EQUATORIAL GUINEA’s Bullish On Gas Investment

The small Island Nation is in A Race To Monestise All Its Methane

SIX YEARS AFTER ITS FIRST GAS utilisation project came on stream, Equatorial Guinea will be completing a far bigger facility. First shipments from the LNG plant under construction on Bioko Island could start as early as mid-2007. The new dates are at least four months earlier than the earlier announced November 2007; the Train 1 project was about 95% complete as of the time of this writing. The plant is located at Punta Europa, on the northwest side of Bioko Island. The first LNG train will operate at a rate of 3.4million tones per annum ( MMTPA). The second train, with a planned capacity of up to 3.8 MMTPA, is expected to be operational latest 2010.

Feedstock gas for the first train will be primarily sourced from the 4.4 Tcf (gross risked) Alba field operated by Marathon (63.25%), but additional gas could come from yet- undeveloped reserves in the area and from ExxonMobil’s Zafiro field, of which approximately 3 Tcf is expected to be produced through the LNG plant under the contract with BG.

Much of the gas for the second train will be supplied by Nigeria, whose state hydrocarbon company, NNPC, has signed an agreement with Equatorial Guinea’s authorities for the delivery of 600 to 800MMsf/d by 2009. There’s also promised supply from Cameroon. Additional reserves discovered by Marathon in the Alba Block (Deep Luba, Gardenia, Estrella) and in the neighboring Block D (Agate, Bococo) would not be produced before 2009/2010. The recent gas and condensate discoveries in blocks B and O could bring further resources.

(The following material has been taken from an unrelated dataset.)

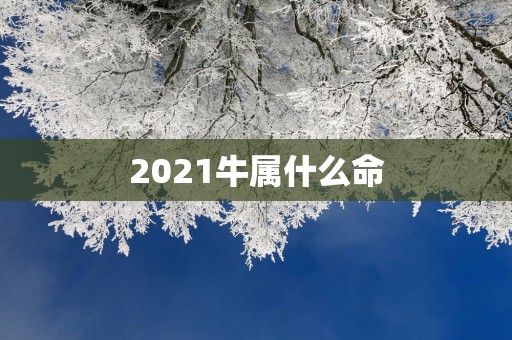 2025牛属什么命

From the onset, Equatorial Guinea had always wanted to utilize its gas resources. Compared with most of the hydrocarbon producers in Subsahara Africa, the country is a late bloomer. The small island nation of less than half a million people started producing hydrocarbons- condensate precisely-only in 1991, when the Alba field came on stream. Gas produced in association with the condensate was flared. But it would take only 10 years for a major project to put out the flares and monetize the gas would take off. In May 2001, Atlantic Methanol Production Company (AMPCO), a consortium consisting of Marathon, (45%), Noble Affiliates Samedan Oil Corp. (45%), and the Equatorial Guinea government (10%), completed a new $450 million methanol plant on Bioko. The tanker “Noble Spirit” left the methanol plant on the Bioko Island for the European market with 41,000 metric tons of methanol on board.

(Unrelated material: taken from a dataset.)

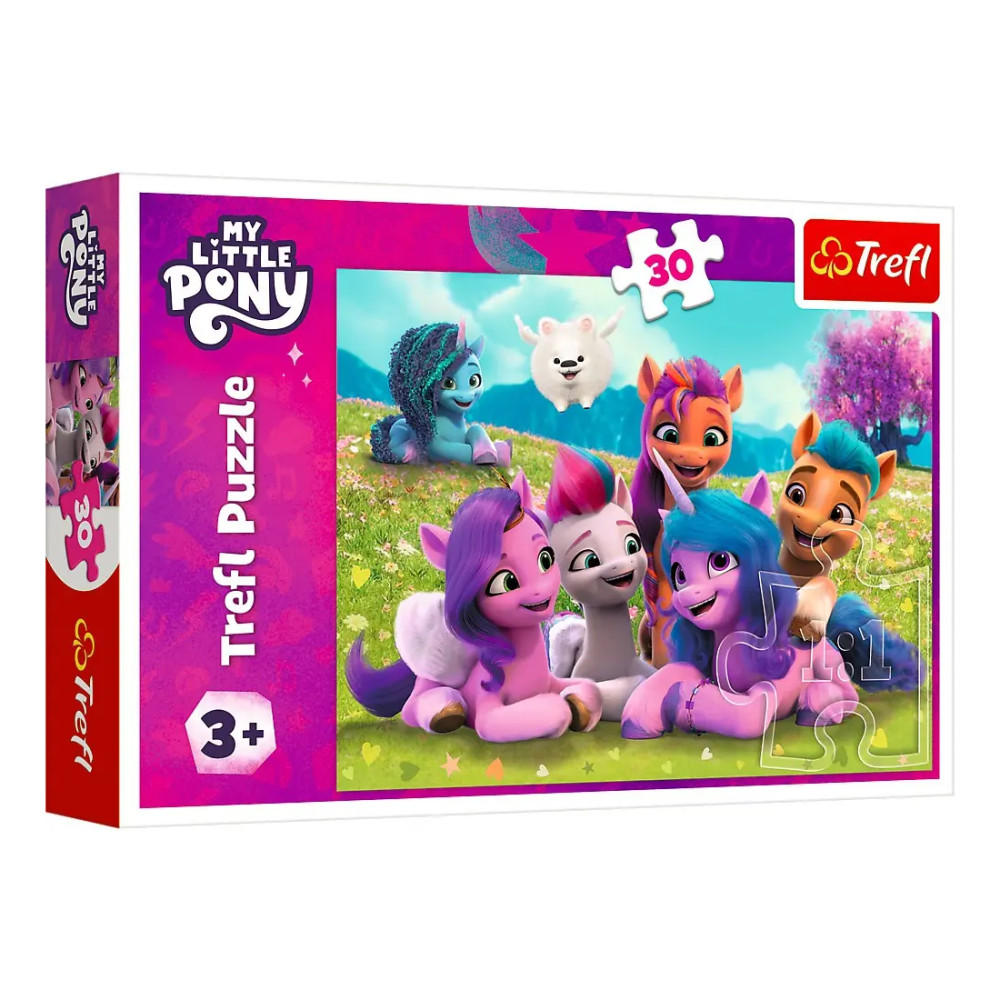 004691 Puzzle 30elem. "Ponei"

The LNG project continues Equatorial Guinea’s ambition of converting gas to money at the slightest opportunity. The interests in the Equatorial Guinea LNG project are shared between Marathon Oil Corp. (60%), the state-run Sonagas (25%), Mitsui (8.5%), and Marubeni (6.5%). Total costs are estimated at $ 1.4 billion. BG Gas Marketing Ltd signed a Letter of Understanding (LoU) for the purchase 3.4 MM TPA of LNG (approximately 460MMcf/d) over a period of 17 years.